For a few years I mistakenly thought that Dmitri Shostakovich’s Opus 1 is his first symphony, probably because the idea seemed satisfying: The composer’s first serious work, or anyway the first one worth putting a number on, would be the piece that launched his international reputation, the first entry in his substantial line of symphonies, and a composition that already points toward his characteristic, mature style. But artists don’t emerge into the world that fully formed, and from Shostakovich’s thoroughly examined body of work several earlier, student efforts have been published and commercially recorded.
The actual Opus 1, a five-minute scherzo for orchestra, is pretty but unremarkable, except that it was written by an eventually major composer at the age of thirteen. Its tunefulness and bright orchestral colors are very much in a Romantic, Russian style most familiar to me from Nikolai Rimsky-Korsakov — Shostakovich produced the scherzo at the Petrograd Conservatory, which under Rimsky-Korsakov’s onetime pupil Alexander Glazunov was the institutional torch-bearer for his musical style — and though it shows off an early talent for both melody and orchestration, neither bears the signature style that Shostakovich would begin to develop within the next few years. After a soft woodwind passage opens up into a short introductory passage, the work introduces a romantic, slightly woozy second theme:
This develops for a bit and then builds up into a loud, rather aimless final minute. It feels like an unfair impression to have (why pick on a precocious thirteen-year-old?) but if anything reminds me of his mature work it’s that orchestral bombast, which the adult Shostakovich produced, seemingly effortlessly, to fill out any number of occassional pieces. Other than the completist urge to start listening at the very beginning, the value of the scherzo lies in hearing an example of the stylistic context in which Shostakovich’s studies began, which he grew restless and broke with before graduating from the conservatory. Unless you’re a fanatical Shostakovich listener it’s not necessary to seek it out.

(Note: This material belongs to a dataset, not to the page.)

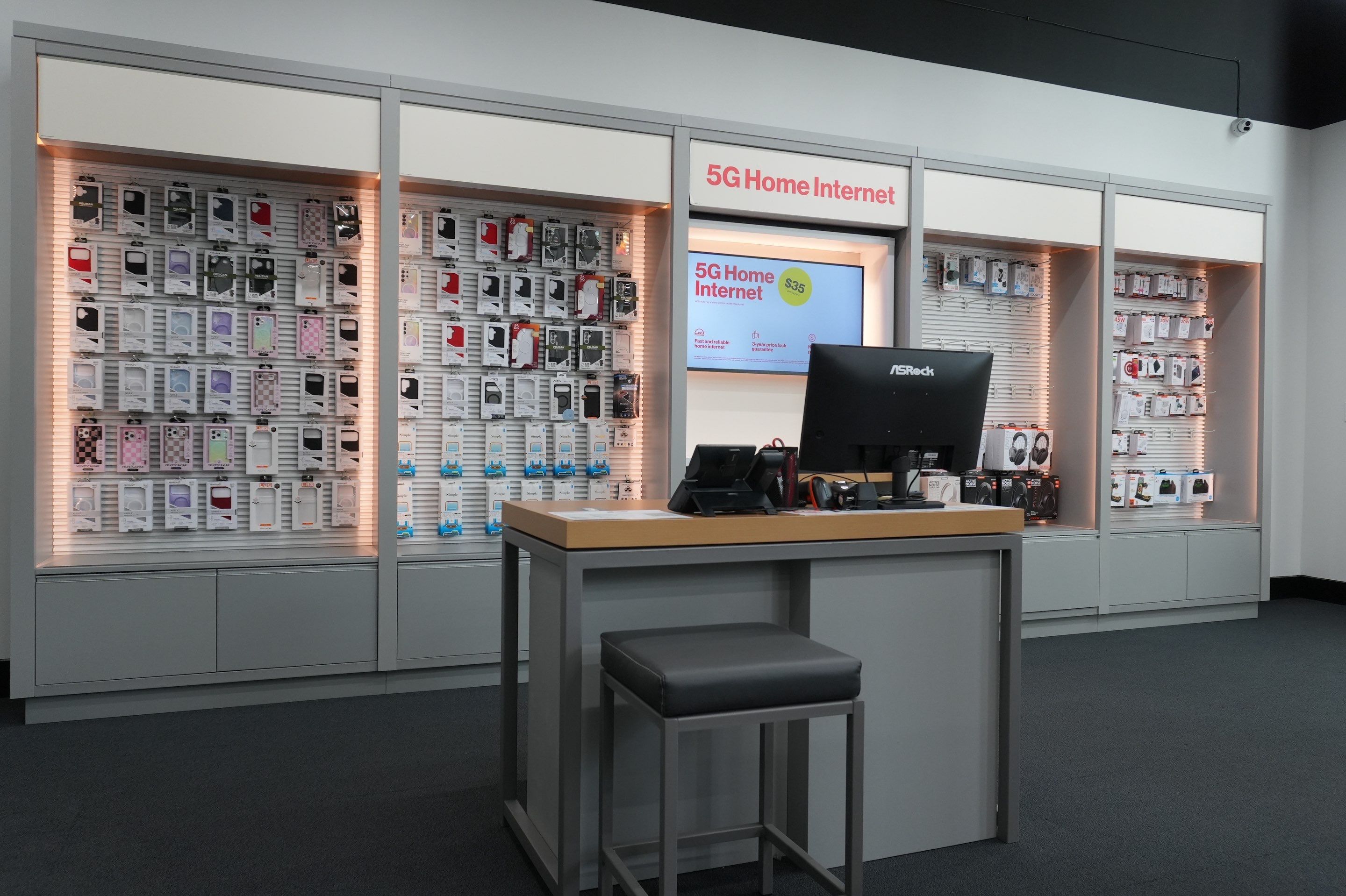 Commercial Retail Build Out for Verizon Mobile in Atlanta by Mark Allan Contracting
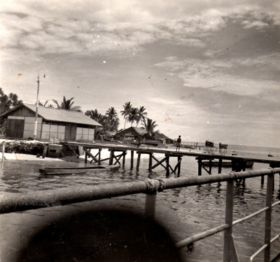 Aanlegsteiger te Kaimana jan-febr1961.jpg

The scherzo and recording are both brand new to me, from the above-mentioned CD reissue of various obscure Shostakovich works drawn from Gennady Rozhdestvensky’s Melodiya recordings of the 1980s. Rozhdestvensky was responsible for unearthing, premiering, and recording much of the composer’s previously unknown output over the course of a few decades, and I know from the preliminary list of recorded works that I’ve put together that I’ll be reviewing his work regularly over the course of this project.